This repository provides the implementation of the MaxEntDP algorithm for the paper "Maximum Entropy Reinforcement Learning with Diffusion Policy".
To get started, you need to install the required dependencies.
conda create -n MaxEntDP python=3.9
conda activate MaxEntDP
pip install --upgrade pip
pip install -r requirements.txt
pip install -e .
To reproduce the results in the paper, navigate to the respective example directories and execute the provided training script:
cd examples/states
XLA_PYTHON_CLIENT_MEM_FRACTION=.1 python3 train_score_matching_online.py --config configs/max_entropy_learner_config.py --env_name HalfCheetah-v3 --config.temp 0.2
XLA_PYTHON_CLIENT_MEM_FRACTION=.1 python3 train_score_matching_online.py --config configs/max_entropy_learner_config.py --env_name Humanoid-v3 --config.temp 0.02
XLA_PYTHON_CLIENT_MEM_FRACTION=.1 python3 train_score_matching_online.py --config configs/max_entropy_learner_config.py --env_name Ant-v3 --config.temp 0.05
XLA_PYTHON_CLIENT_MEM_FRACTION=.1 python3 train_score_matching_online.py --config configs/max_entropy_learner_config.py --env_name Walker2d-v3 --config.temp 0.01
XLA_PYTHON_CLIENT_MEM_FRACTION=.1 python3 train_score_matching_online.py --config configs/max_entropy_learner_config.py --env_name Hopper-v3 --config.temp 0.05
XLA_PYTHON_CLIENT_MEM_FRACTION=.1 python3 train_score_matching_online.py --config configs/max_entropy_learner_config.py --env_name Swimmer-v3 --config.temp 0.01
When running with multiple gpus, the batch size (default 256) should be divisible by the number of devices.
-
Main Training Script: The main training script to train a diffusion model agent using MaxEntDP. Includes options for the environment and training scenario.
-
MaxEntDP Learner: The core implementation of the MaxEntDP algorithm, including methods for creating the learner, updating critic and actor networks, and sampling actions.
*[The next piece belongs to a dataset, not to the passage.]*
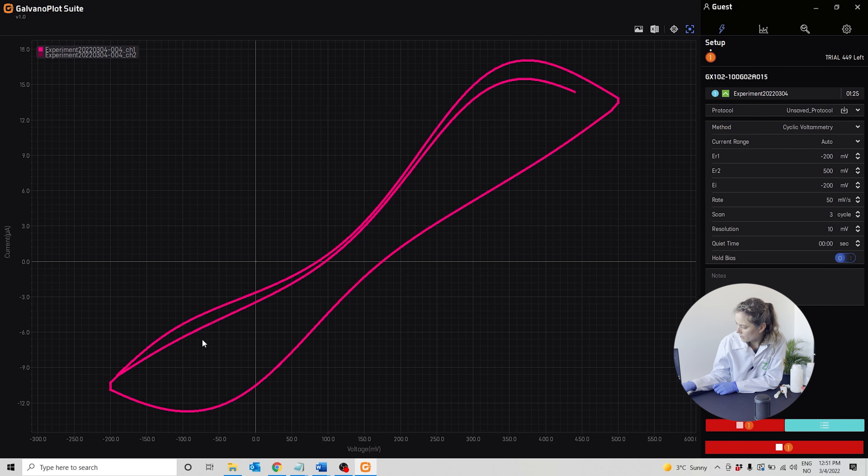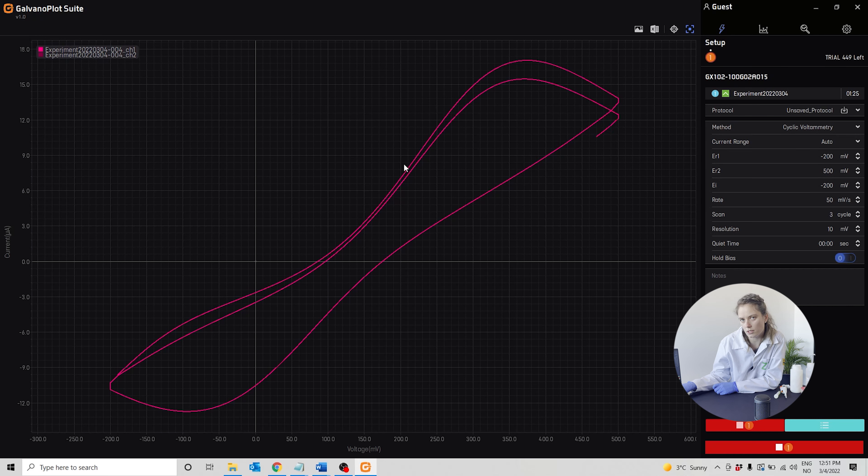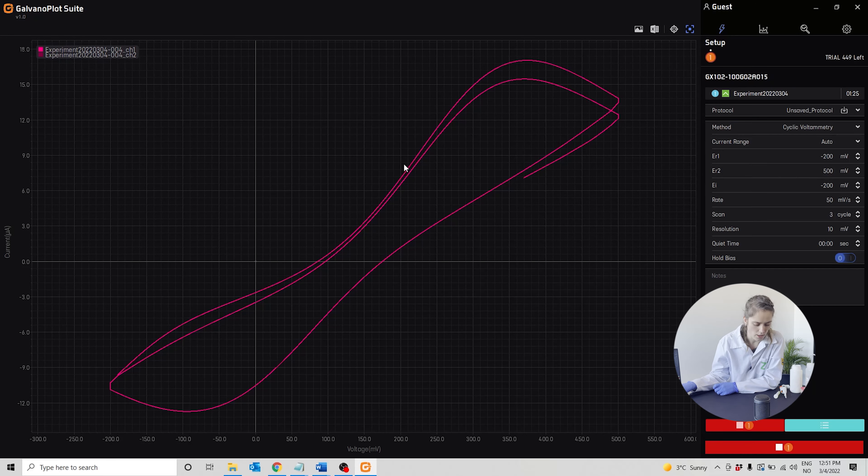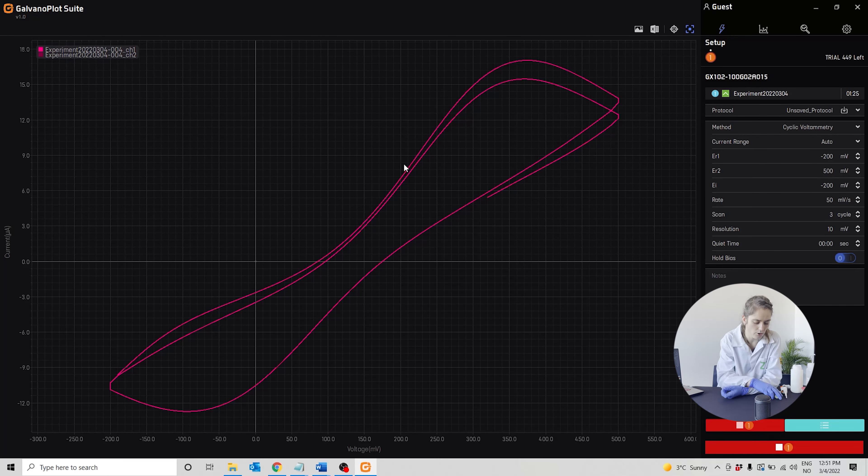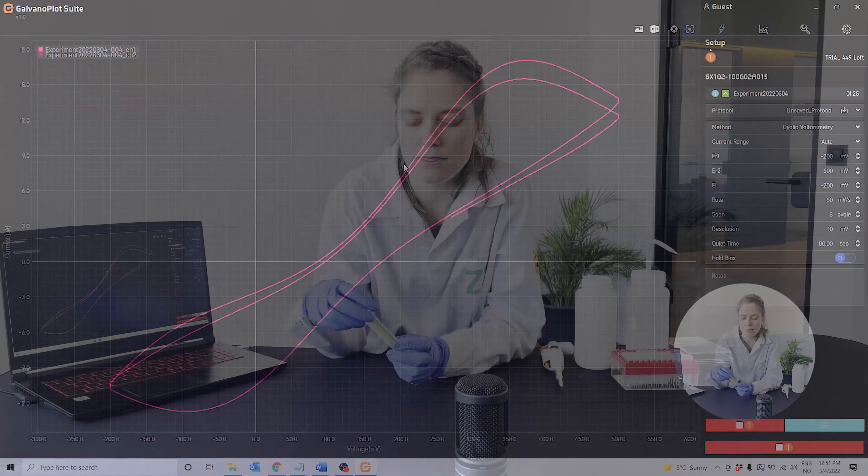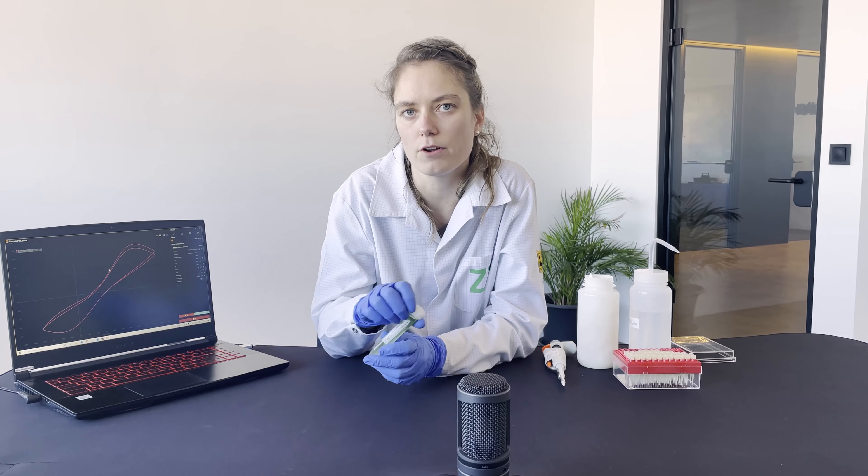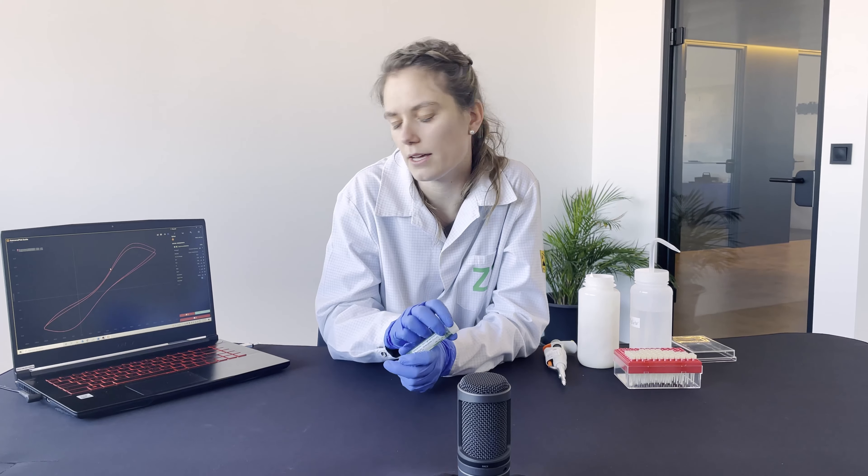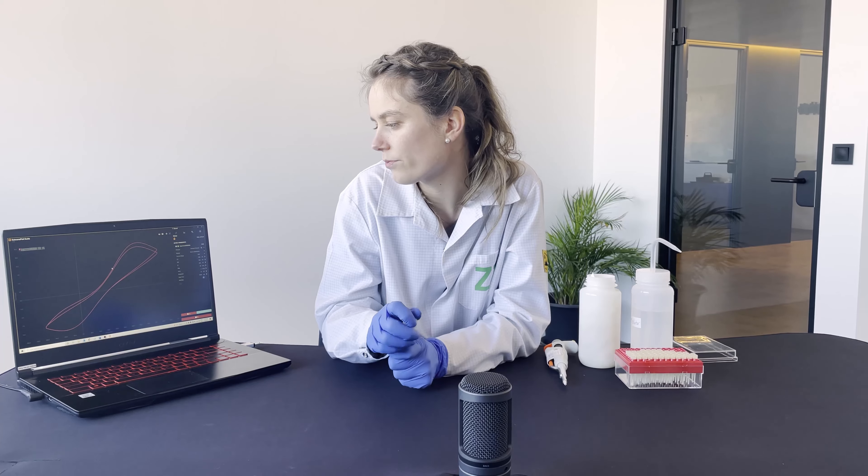It does this three times, oxidizing and reducing the iron in the ferri-ferrocyanide solution.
Note that if you want to make any changes to the learner after installation, you will need to reinstall jaxrl5 locally, by running the following from the root directory of the repository:
pip install ./
-
Training Configuration for MaxEntDP: Configuration file for setting hyperparameters and model configurations for the MaxEntDP learner.
-
DDPM Implementation: Contains the implementation of Denoising Diffusion Probabilistic Models (DDPM).
The code is built on top of the QSM implementation.